The United States Federal Trade Commission (FTC) is the enforcement authority with jurisdiction over this compliance. 

For persons residing in or citizens of the European Union, Validic complies with the EU-U.S. Data Privacy Framework (EU-U.S. DPF), the UK Extension to the EU-U.S. DPF, and the Swiss-U.S. Data Privacy Framework (Swiss-U.S. DPF) set forth by the U.S. Department of Commerce. Validic has certified to the U.S. Department of Commerce that it adheres to the EU-U.S. Data Privacy Framework Principles (EU-U.S. DPF Principles) with regard to the processing of personal data received from the European Union, the United Kingdom, and Switzerland in reliance on the EU-U.S. DPF, the UK Extension to the EU-U.S. DPF, and the Swiss-U.S. DPF.  If there is any conflict between the terms in this privacy policy and the EU-U.S. DPF Principles, the Principles shall govern. To learn more about the Data Privacy Framework (DPF) Program, and to view our certification, please visit https://www.dataprivacyframework.gov/ 

As such, you may have the right, under certain conditions, to invoke binding arbitration for complaints regarding DPF compliance not resolved by other DPF mechanisms. Validic is obligated to arbitrate claims and follow the terms set forth in Annex I of the DPF Principles when an individual has properly invoked binding arbitration. To initiate this process, you must provide notice to our organization and adhere to the procedures and conditions outlined in Annex I of the DPF Principles. This arbitration option is available only for these purposes.
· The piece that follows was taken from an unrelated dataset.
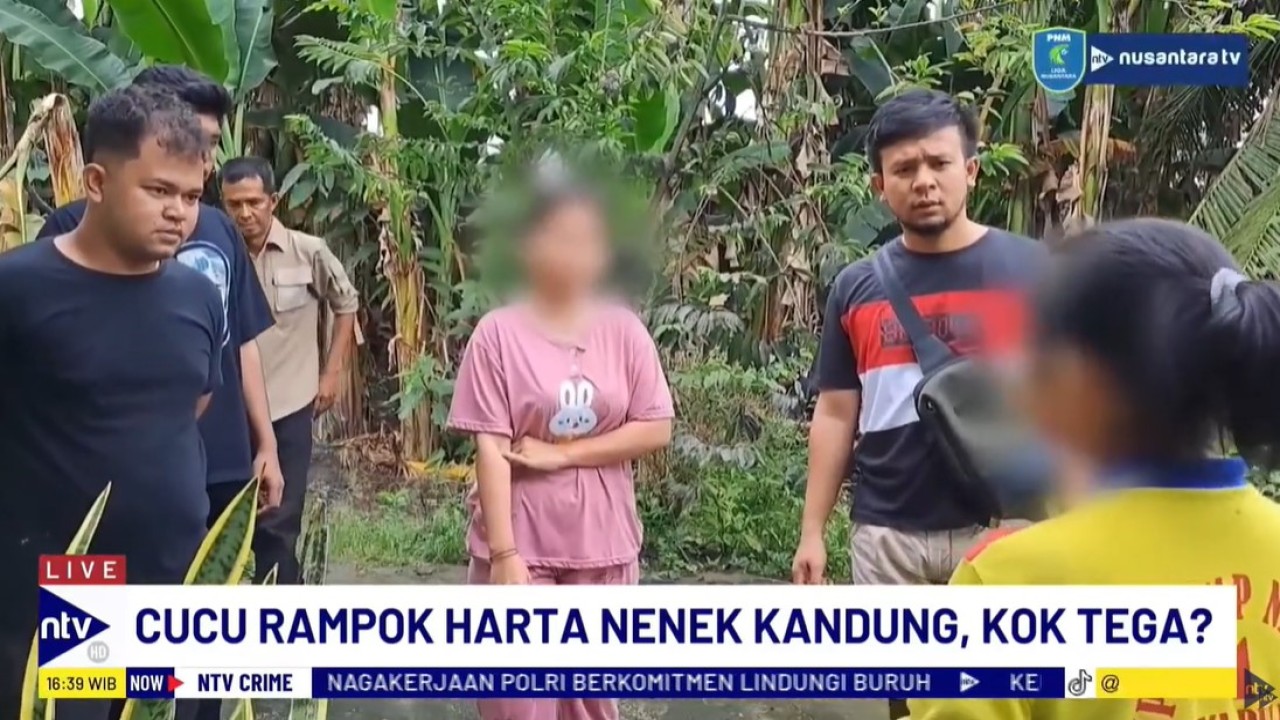 Seorang cucu tega merampok cincin emas milik nenek kandungnya yang berusia 98 tahun di Batu Bara, Sumatera Utara.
Notably, arbitration is not available for claims concerning the exceptions to the Principles or allegations regarding the adequacy of the DPF. For comprehensive information about the binding arbitration process, including its scope, procedures, and conditions, please refer to Annex I of the DPF Principles, available at https://www.dataprivacyframework.gov/framework-article/ANNEX-I-introduction.

 

2.0 THE INFORMATION WE COLLECT

In this section, we provide you with details about some of the information we currently collect about users of our Website, Applications, and/or Service (collectively, “User Data”), the categories of sources of that information, and the business purpose for collecting that information. 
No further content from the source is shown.